The original stage musical and subsequent film must have inspired a new generation of Proclaimers fans.
“It really has. It’s rejuvenated everything we’ve been doing, because you come along and play songs, some of which are in the film, and people are getting it, and kids are getting it. From teenagers like your daughter to children with Shrek (which, like the Sunshine on Leith musical included the track, ‘I’m On My Way’) and stuff like that. It’s absolutely amazing. Yeah, it’s been nothing but good for us.”

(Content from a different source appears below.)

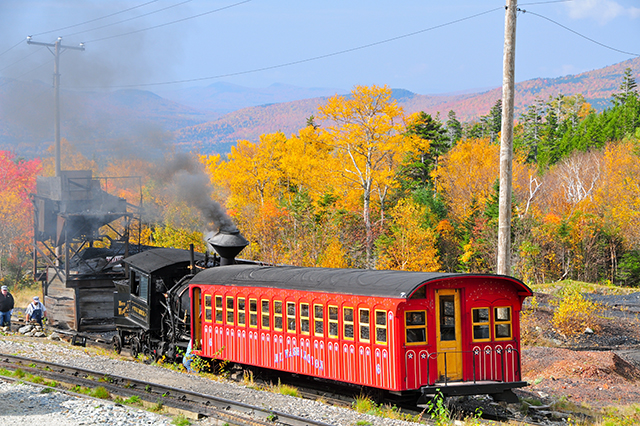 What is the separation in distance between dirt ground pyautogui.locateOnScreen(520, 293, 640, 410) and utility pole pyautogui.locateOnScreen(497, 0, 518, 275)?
3337mm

Finally, the diary’s fairly full through to December, heading for a sell-out 47 UK shows, and in Scotland you sold out 30,000 tickets within 20 minutes of them going on sale. There’s also a 13-date coast-to-coast Canadian tour in September, their 2018 schedule finishing with December sell-outs in Belfast, Dublin, Motherwell, Stirling and Dundee. Not a bad job this, is it, Charlie?
“It’s a fantastic job! The other week when we got back from Scarborough, on the Monday I felt so tired, but it’s like, ‘I’ve got the best job you could ever had’. My old man worked on a building site all his life and he would have loved this, but never got the chance, being part of that generation. I know how lucky I am and how lucky we are. And I do appreciate it.”
Remaining 2018 UK live dates (sell-outs marked *, with the others selling fast): August – 11 Bournemouth Pavilion, 12 Lakefest Eastnor Castle Ledbury, 22 Isle Of Man Villa Marina Royal Hall, 24 Carfest South, 25 Towersey Festival Thame; October – 10 Cardiff St Davids Hall, 11 Norwich Theatre Royal*, 13 Blackburn King George’s Hall, 14 Liverpool Empire, 16 Nottingham Royal Concert Hall, 17 York Barbican*, 18 Newcastle City Hall*, 20 Hull City Hall, 21 Sheffield City Hall, 23 Leicester De Montfort Hall, 24 Southend Cliffs Pavilion, 25 Portsmouth Guild Hall, 27 Bath Forum, 28 Brighton Dome, 29 Birmingham Symphony Hall, 31 Cambridge Corn Exchange*; November – 1 London Palladium, 2 Coventry WAC, 4 Manchester Opera House, 9/10 Edinburgh Playhouse**, 5 Dunfermline Alhambra*, 16/17 Glasgow Academy**, 22 Perth Concert Hall*, 23 Inverness Leisure Centre*, 24 Aberdeen BHGE Arena*, 29 Ipswich Regents Theatre, 30 Basingstoke Anvil*; December – 1 Hastings White Rock, 7 Belfast Ulster Hall*, 8 Dublin Vicar Street*, 13 Motherwell Town Hall*, 14 Stirling Albert Hall*, 15 Dundee Caird Hall*.